Kürzlich reichte Nabholz mit ihrem Fraktionskollegen Sven Sobernheim eine Schriftliche Anfrage ein, in der sie nach Bedingungen und Möglichkeiten einer Standortsicherung für Musikclubs in der Stadt fragen. In ganz Europa seien hier disruptive Prozesse im Gang, erklärt sie: Die Aufführungsstätten litten unter sinkenden Besucher:innenzahlen und städtebaulichem Druck, weshalb viele Städte inzwischen Pläne zum Erhalt dieser Infrastruktur erarbeiteten. «In der Kultur diskutieren wir ständig um gesellschaftliche Werte, der Gemeinderat mischt sich oft in die kulturellen Inhalte ein», sagt sie. «Dabei gehen die wichtigen Fragen wie die nach der Infrastruktur leider oft vergessen.»

Nabholz musste kürzlich selbst eine Kulturinstitution im Rat verteidigen: Als Verwaltungsrätin des Theater Neumarkt nahm sie im Frühjahr Stellung zu Vorwürfen der FDP, das Theater habe mit einer internen Untersuchung nicht adäquat auf Antisemitismus-Vorwürfe reagiert (wir berichteten). Die Vorwürfe waren erhoben worden, nachdem bekannt wurde, dass ein israelischer Schauspieler an dem Haus aufgrund eines libanesischen Gesetzes nicht zusammen mit einer libanesischen Schauspielerin auftreten durfte. Inzwischen ist der Streit noch weiter eskaliert und der Schauspieler hat Strafanzeige gegen Verantwortliche des Theaters eingereicht.

In den Verwaltungsrat des Neumarkt kam die heute 56-Jährige, als das Theater schon einmal Mittelpunkt politischer Debatten war. Nach der Aktion «Schweiz entköppeln!» 2016 sei im Gemeinderat über die Streichung von Geldern für das Haus gestritten worden, so Nabholz. Sie habe damals für die künstlerische Freiheit votiert – und der Verwaltungsrat sie später angefragt, weil Nabholz für ihn eine Art «Seismograf» für die Befindlichkeiten im Stadtzürcher Parlament sein könne.

Die Kulturfrau und promovierte Literaturwissenschaftlerin ist erst seit einem Jahr Mitglied der Kommission des Präsidialdepartements, dem die Kulturpolitik zugeordnet ist.
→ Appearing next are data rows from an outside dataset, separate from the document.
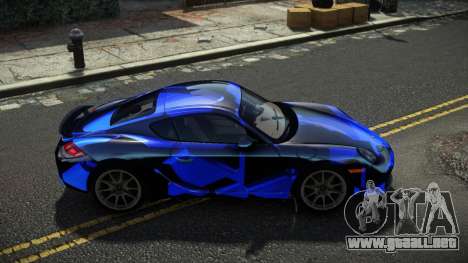 Porsche Cayman Zurrasko S13 para GTA 4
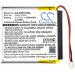 Аккумулятор CS-SWH100SL для Sony WH-1000xM3 3,7V 1000Ah Li-Polymer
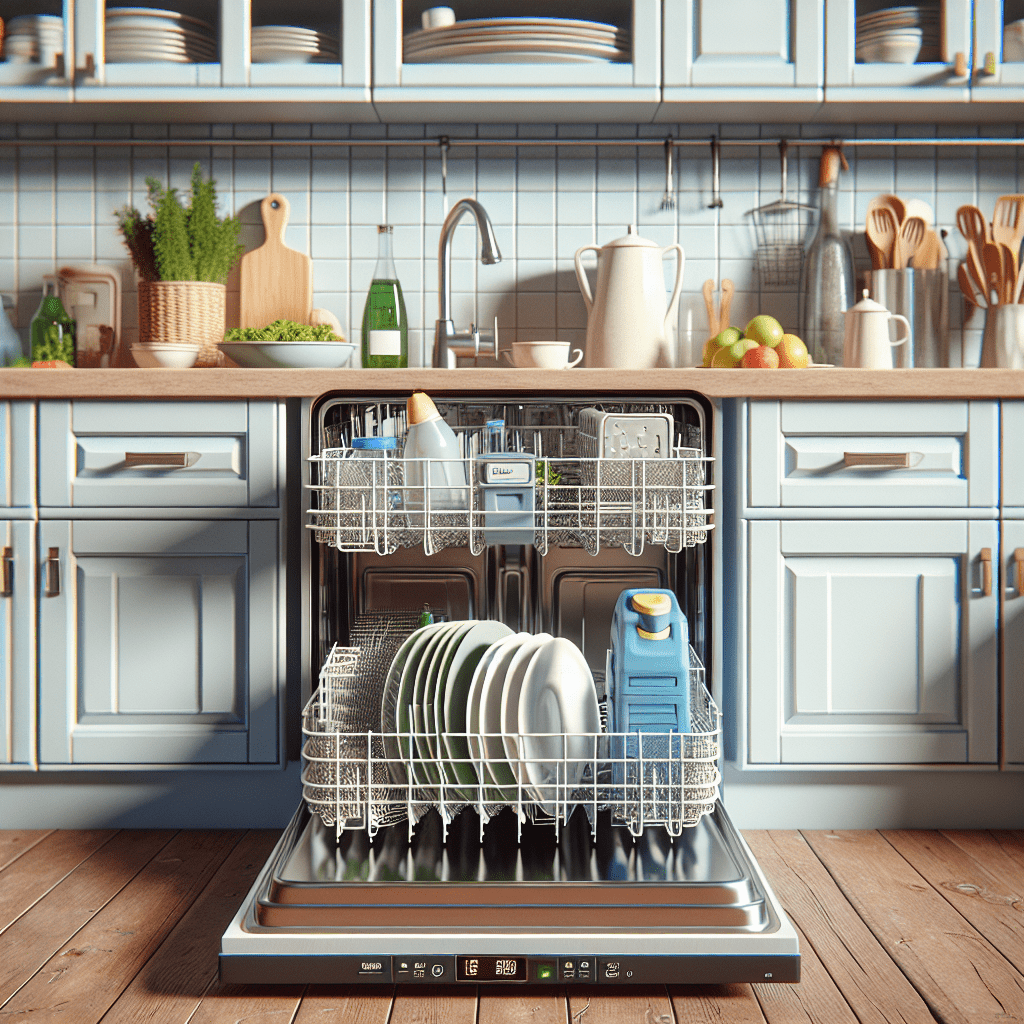 Dishwasher: How to prevent food particles from clogging the filters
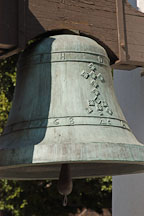 Bell of Dolores. El Pueblo, Los Angeles, California, USA. - Photo #7263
Nachdem sie 2010 zu den ersten GLP-Mitgliedern gehörte, die in den Gemeinderat einzogen, ging sie in die Hochbau-Kommission und blieb dort 13 Jahre lang. Im städtebaulichen Bereich engagierte sie sich mit dutzenden Vorstössen, von einer Motion für die Abschaffung des Mehrlängenzuschlags in der Bau- und Zonenordnung, um dichter bauen zu können, bis zur Forderung, den Selecta-Automaten, der im Zuge der Sanierungsarbeiten auf dem Römerhof installiert worden war, wieder zu entfernen.

Nach der Wahl 2022 ging Nabholz ins Ratssekretariat, wo sie für die Protokollierung der Ratssitzungen zuständig ist. Es sei ein bewusster Schritt hin zur Aussensicht gewesen, sagt sie. Der Blick von vorne in den Saal erlaube ihr einen neuen und kritischeren Blick auf das Ratsgeschehen. Der nächste Schritt ist für sie der Abschied von der Politik: Bei den nächsten Wahlen 2026 werde sie nicht mehr antreten, erklärt sie.

Warum sind Sie Gemeinderätin geworden?

Ich habe längere Zeit in Frankreich und den USA verbracht und dort festgestellt, dass die Mitwirkungsmöglichkeiten an politischen Entscheiden – vor allem im Vergleich zur Schweiz – eingeschränkt sind. Nach meiner Rückkehr in die Schweiz konnte ich durch mein politisches Engagement das Versäumte gewissermassen nachholen. Der Gemeinderat interessiert mich, weil es der Ort ist, wo wir demokratisch miteinander aushandeln, wie wir zusammen in Zürich leben wollen.

Mit welche:r Ratskolleg:in der politischen Gegenseite würden Sie gerne mal ein Bier trinken gehen?

Angesichts der zunehmend vergifteten Debattenkultur, die dazu führt, dass lieber provoziert als zugehört wird, würde ich mit jeder Gemeinderätin und jedem Gemeinderat, die in der gleichen Kneipe sitzen und Lust auf ein Gespräch haben, ein Bier trinken.

Welches Abstimmungsergebnis hat Sie bisher am meisten geärgert?

Der Entscheid des Gemeinderates, die Gesamtsanierung des Schauspielhauses abzulehnen. Die Pfauenbühne als Baudenkmal und Erinnerungsort zu betrachten, anstatt dem Theater eine – sowohl theaterbetrieblich als auch energetisch – zukunftsfähige Infrastruktur zu ermöglichen, empfinde ich als rückwärtsgewandtes Kulturverständnis. Statt Musealisierung wünsche ich mir eine zukunftsorientierte Kulturpolitik.